Mr. Taylor. Well, I think perhaps once or twice Marina instigated their meetings, would call him and he would then come.

Mr. Jenner. Was he always transported, or did he come——

Mr. Taylor. I think he may even have come by himself once or twice. We were not far from downtown and had good bus service—and I remember at least one occasion where he rode the bus. He left late one evening and rode the bus back to town.

Mr. Jenner. Any questions, at any time during the 2-week period or at any other time, about his ability to operate an automobile on the streets?

Mr. Taylor. Yes; there was discussion about this possibly on two or three occasions.

Mr. Jenner. With him?

Mr. Taylor. I don't remember him being present or having knowledge of them. Mrs. De Mohrenschildt tried to get me to teach him how to drive, and I never did.

Mr. Jenner. You never got around to it?

Mr. Taylor. I never had any time or inclination to use my automobile to teach a beginner how to drive.

Mr. Jenner. Your understanding was from Mrs. De Mohrenschildt that he was unable to operate an automobile?

Mr. Taylor. That's right.

Mr. Jenner. But you had no direct conversation with him on the subject?

Mr. Taylor. No.

Mr. Jenner. Or with Marina through an interpreter?

Mr. Taylor. No.

Mr. Jenner. Did this conversation with respect to inducing you to attempt to teach him to drive a car occur in the presence of Marina?

Mr. Taylor. Yes.

Mr. Jenner. Do you recall whether Mrs. De Mohrenschildt then, in Russian, spoke to Marina on the subject in your presence?

Mr. Taylor. No; I don't remember the details such as that on the various discussions we had. I just remember that on several occasions they did try to get me to do it, and I refused.

Mr. Jenner. Did you receive or was there paid or offered to be paid to you anything by them, Lee or Marina, financially for this generosity on your part of keeping her in your home for that 2-week period?

Mr. Taylor. No.

Mr. Jenner. You never received anything?

Mr. Taylor. No.

Mr. Jenner. Did you receive anything from anybody other than Marina and Lee Oswald?

Mr. Taylor. No.

Mr. Jenner. You never received anything from anybody at all?

Mr. Taylor. No.

Mr. Jenner. The answer is "Yes; you have never received anything from anybody."
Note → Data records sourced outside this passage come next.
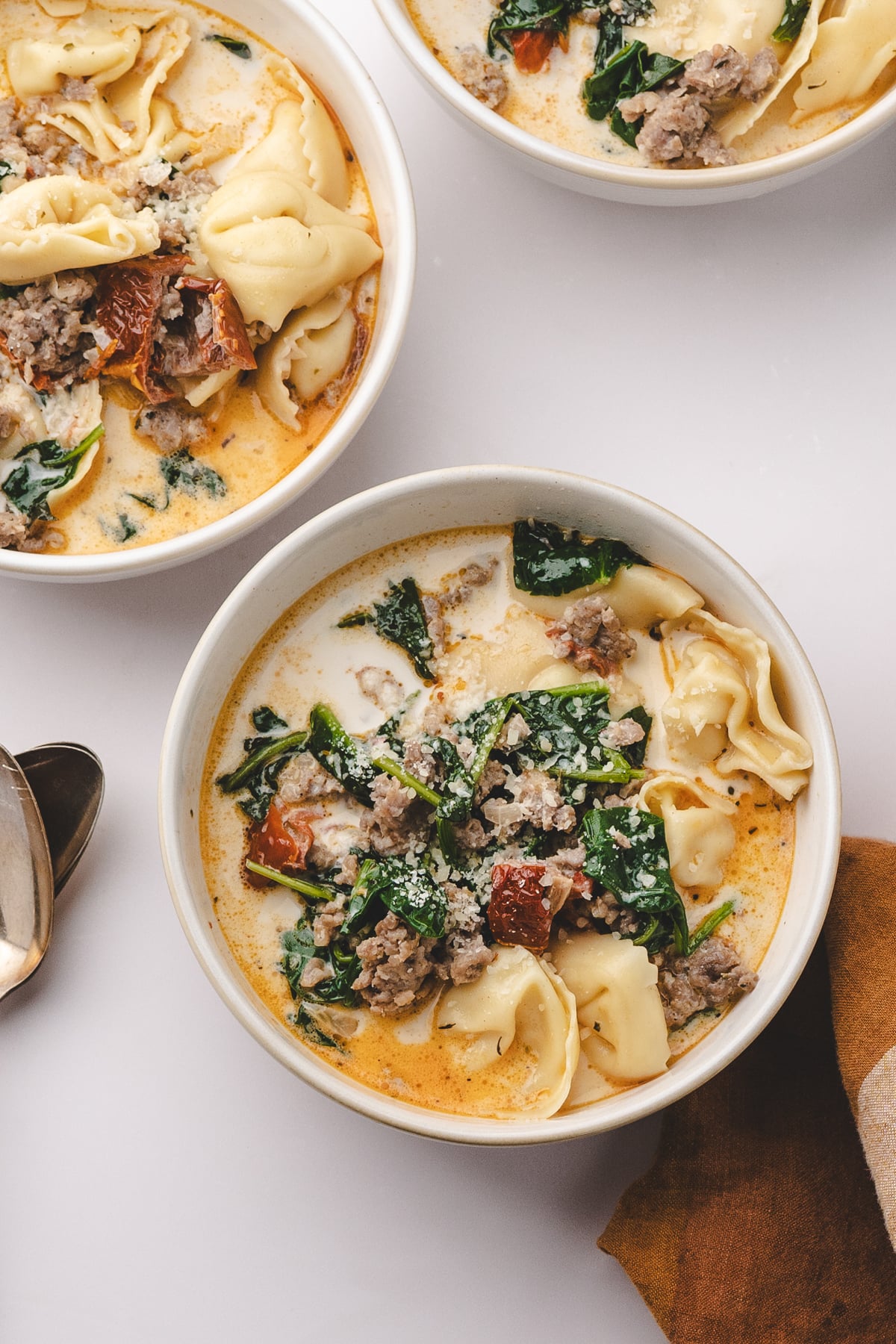 A bowl of soup with creamy broth, tortellini, spinach, and sausage.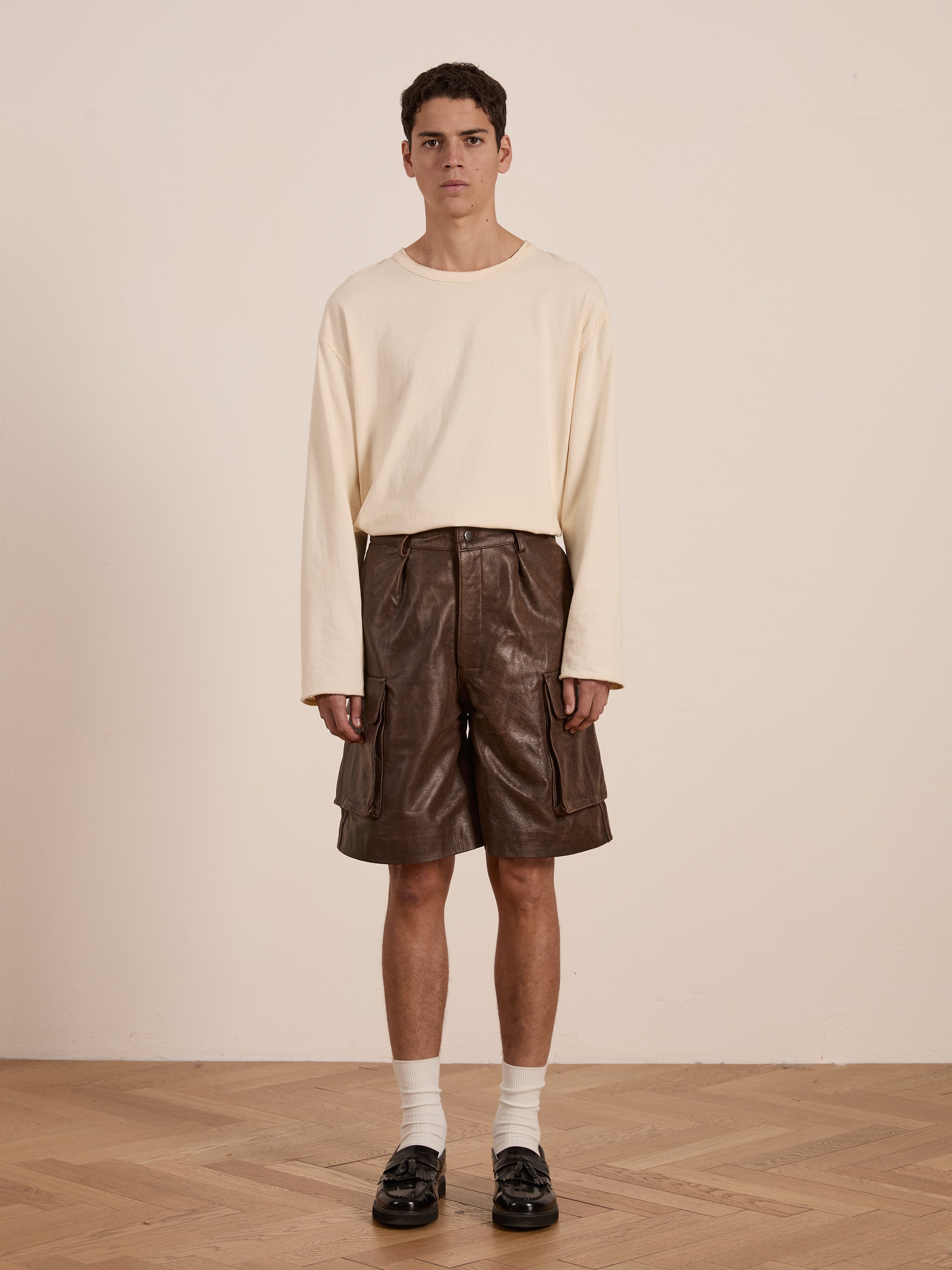 Indoors on a wooden floor, a person showcases their utilitarian roots in a cream long-sleeve shirt paired with FOUND's Dusk Distressed Genuine Leather Cargo Shorts, complemented by white socks and black shoes.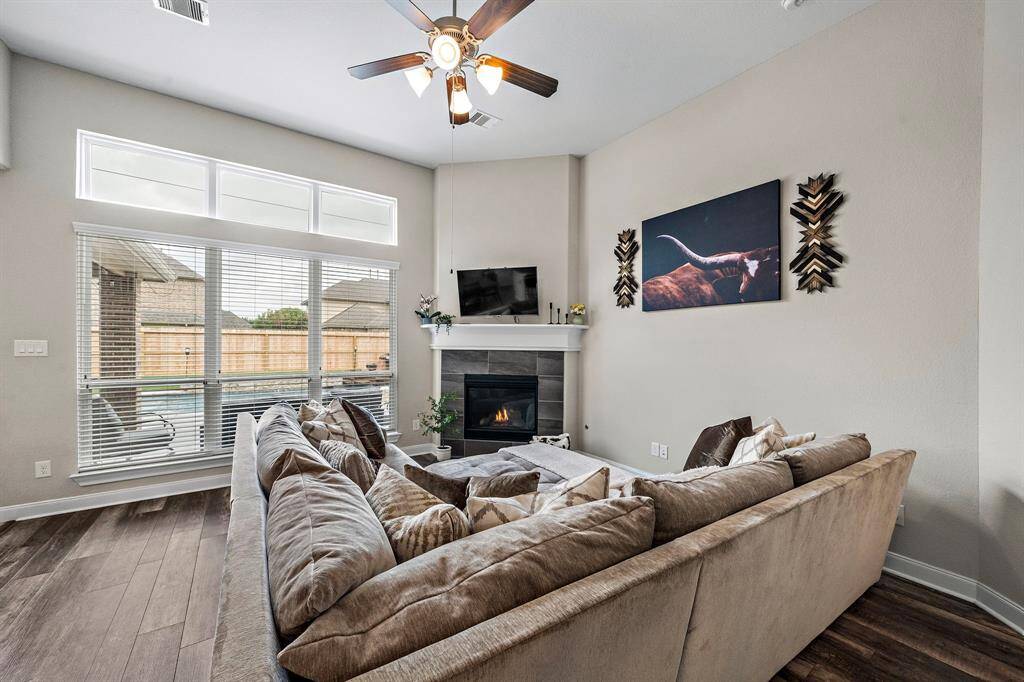 Positioned at the heart of the home, this living area offers a warm and welcoming space that connects effortlessly to the kitchen and upstairs. The elegant staircase and hallway arch add architectural interest while maintaining an open, functional flow.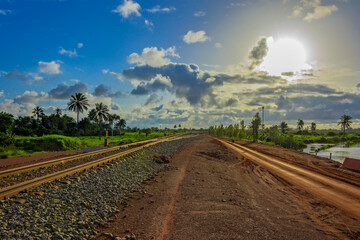 Sunset view of a typical red soils unpaved rough countryside road in Guinea, West Africa.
Mr. Taylor. I never received any financial reimbursement for any of the expenditures that I made on their behalf.

Mr. Jenner. All right. Now, the 2-week period concluded and was there something that occurred in particular that brought about the termination of that 2-week guest period?

Mr. Taylor. Mrs. Hall—I believe you said Elena—had an automobile accident and I think Marina went to Fort Worth and lived in Mrs. Hall's home so that she might help Mrs. Hall. Mrs. Hall was at least semibedridden. She was certainly not able to get up and cook herself food and so on.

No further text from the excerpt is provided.